View attachment 232437
Even if it could be done (remember in this case you need to detect rain on the windshield, not rain falling in the background or the fact that you are driving towards a water fountain), at what cost in terms of processing power? I think it's possible that whoever made the decision to replace the rain sensor with the cameras did not do a full cost-benefit analysis. Save $x on an infrared sensor, in exchange for how much processing power in terms of computer vision processing?
 
Even if it could be done (remember in this case you need to detect rain on the windshield, not rain falling in the background or the fact that you are driving towards a water fountain), at what cost in terms of processing power? I think it's possible that whoever made the decision to replace the rain sensor with the cameras did not do a full cost-benefit analysis. Save $x on an infrared sensor, in exchange for how much processing power in terms of computer vision processing?

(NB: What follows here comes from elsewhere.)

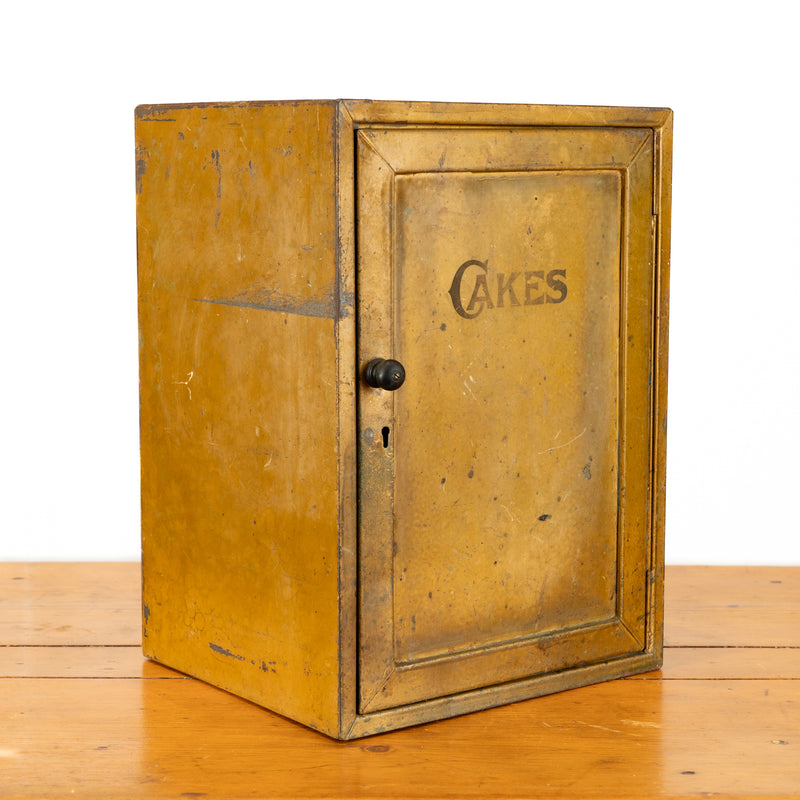 Victorian Metal Countertop Toleware Cakes Box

Most likely the ability to detect such distortion is also useful in driving, meaning that during training a network would likely learn to identify it anyway(and forcing it to may actually improve learning generally). It's not uncommon to have a network perform double duty on closely related tasks, as the combination can do better on both tasks than two networks would be able to be at doing each one independently.
 
Most likely the ability to detect such distortion is also useful in driving, meaning that during training a network would likely learn to identify it anyway(and forcing it to may actually improve learning generally). It's not uncommon to have a network perform double duty on closely related tasks, as the combination can do better on both tasks than two networks would be able to be at doing each one independently.

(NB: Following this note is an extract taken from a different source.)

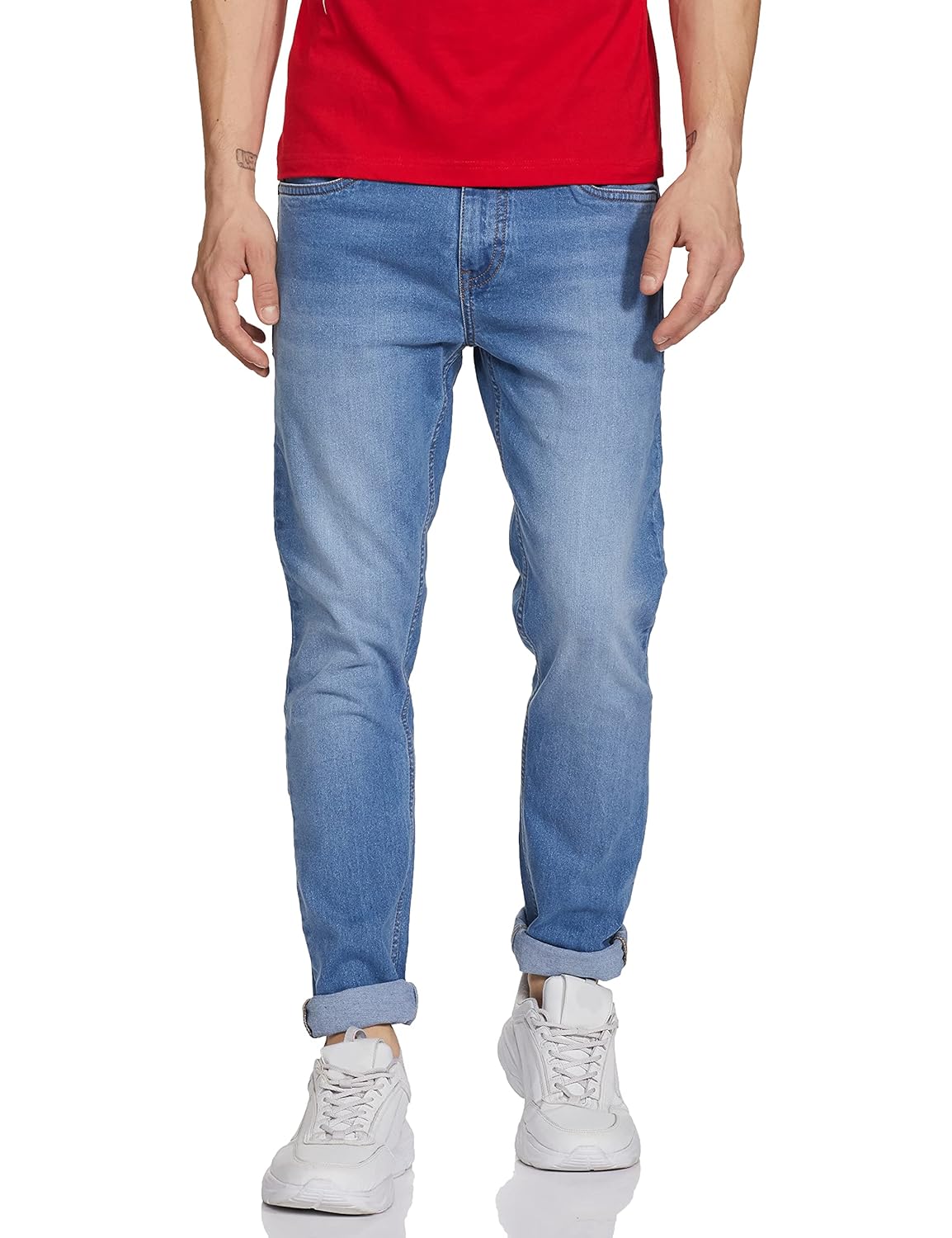 Amazon Brand – Symbol Men’s Skinny Fit Mid Rise Jeans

So the reason we don't have it yet is simply it hasn't rained in California much since AP2 introduction? The network is up and running, learning, yet no auto wipers and even auto-headlights on/off sucks - I recently noticed our AP2 car turns lights on even in perfectly sunny weather (it was after 6pm so maybe Tesla hard-coded when when the lights should go on, but haven't taken into consideration that sun goes down much later in the summer).